This two-bedroom loft offers some shared outdoor space and industrial details, such as high ceilings and wood beams, as befits the building’s former use as a factory. It’s located in the Columbia Waterfront District at 29 Tiffany Place, which is a bit of a walk from the nearest subway, but that might not be an issue for those in work from home mode.
Although the name might imply a connection with the well-known Tiffany, Brownstoner’s Suzanne Spellen found no connection in a dive into the history of the street. The block-long street was largely developed starting in the 1850s with a mix of residential and commercial structures.
By the early 20th century, the Herman Behr & Co. Sandpaper Factory took up a portion of the blockfront on this side of Tiffany Place. The company, founded in 1872, lost the bulk of an earlier factory to a great conflagration in 1903. At least one building in the complex survived relatively unscathed and was rebuilt in 1904; there’s plaque on 29 Tiffany Place noting the date. The building was converted to residential use in the late 1990s.

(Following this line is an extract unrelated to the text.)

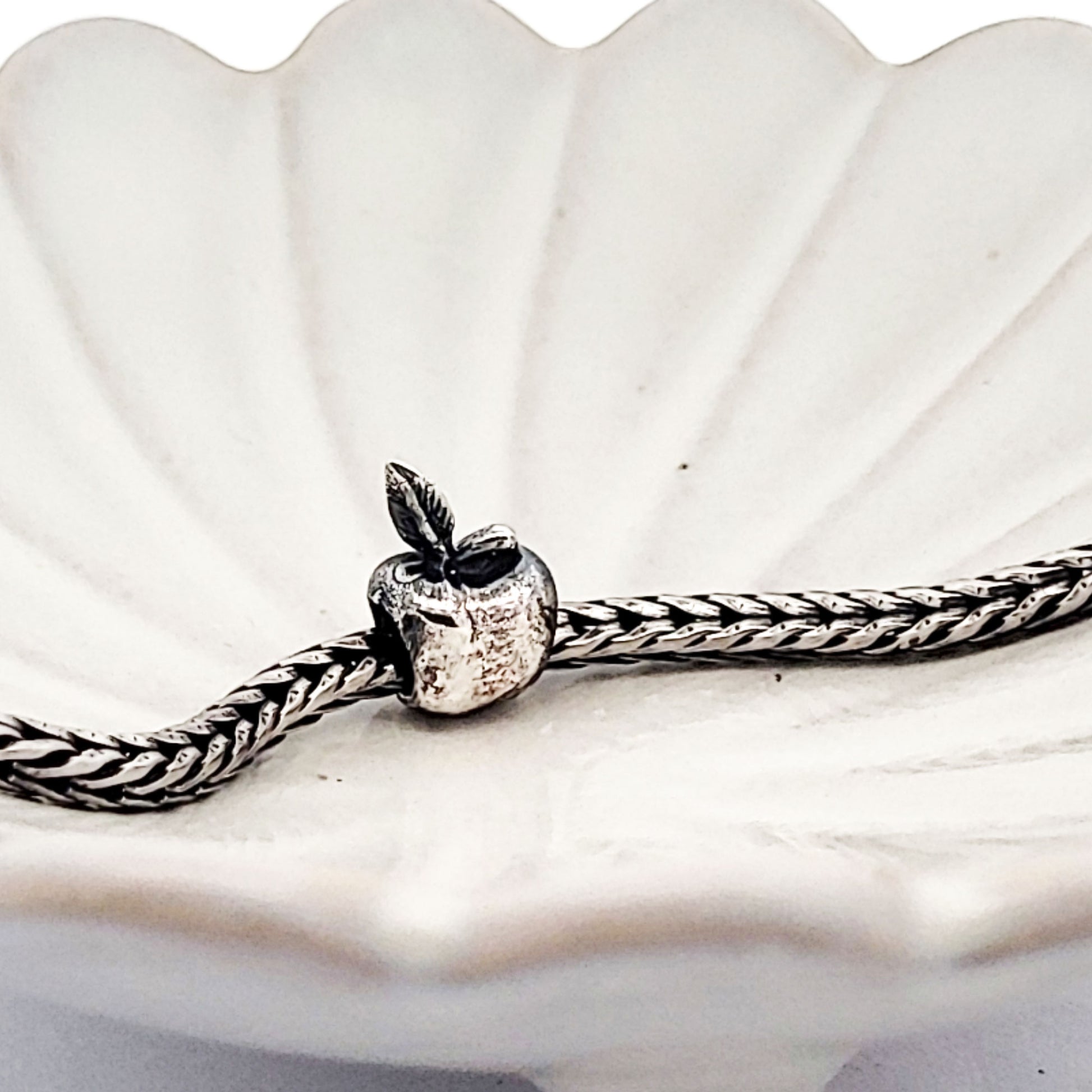 Indian_Charm_Silberbead_Apfel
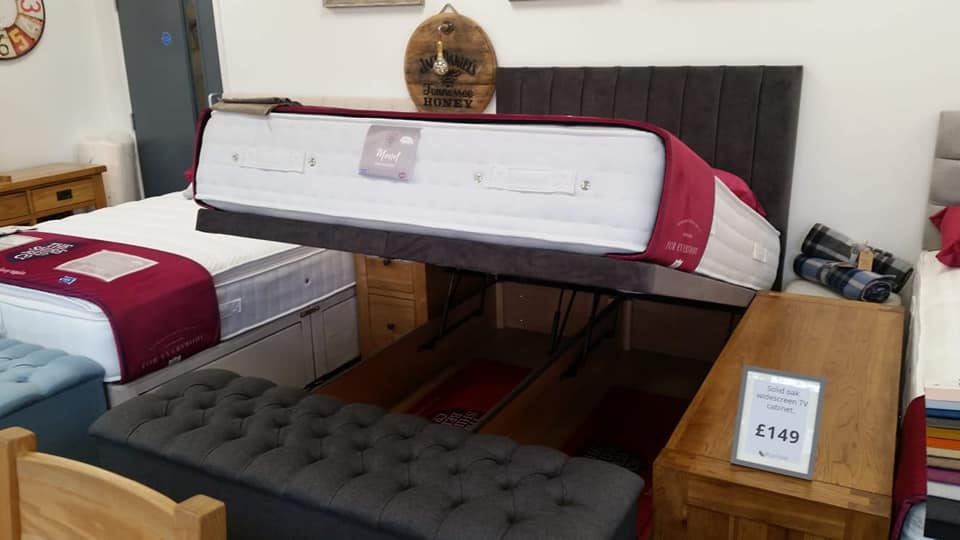Good evening <a href="/Oldham_Hour/">Oldham Hour</a>. We've just enjoyed our best week so far. It seems after months of being cooped up, everyone wants a new bed, and extra storage space. Otooman beds are flying out! Glad we took the risk of opening our new business #Oldhamhour #shoplocal #Royton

This third floor unit has the aforementioned high ceilings and wood beams left over from its industrial days, along with wood-slatted ceilings in the living room and bedrooms. Those three rooms stretch along the length of the unit with one window each. Dining room, kitchen and full bath are opposite.
The living room boasts a wall of built-in bookshelves and a window seat and there’s more storage in the unit. There’s a closet near the entry, one-each in the bedrooms and another near the bath that holds the washer/dryer. The virtual tour shows the storage in detail along with the views, which look east with glimpses of the sunken roadway of the BQE below.
The U-shaped kitchen has light wood cabinets, a curved peninsula and a green tile backsplash. The adjacent dining area is adorned with swirling blue wallpaper.
In a nod to current realities, the building has a common room that is now being used as a work space for residents. A morning and evening shuttle bus runs to the Borough Hall subway station for those who are commuting, the listing notes.
The building has a live-in super, part-time doorman, porter, gym and bike storage. Shared outdoor space includes a roof deck with views of the Statue of Liberty, Manhattan skyline and Brooklyn Bridge. A common garden area has paving, tables, planting beds and brick walls that might be a relic from an old factory building.
This unit has $566 in common charges and $459 in taxes a month, plus a temporary $230 monthly capital assessment. A flip tax of 1.5 percent will be paid by the buyer, the listing notes.
The last time the unit was on the market was in 2015 when it sold for $821,000. This time it’s on the market for $875,000 with Nick Ferrone and Julie Cohen of Compass. What do you think?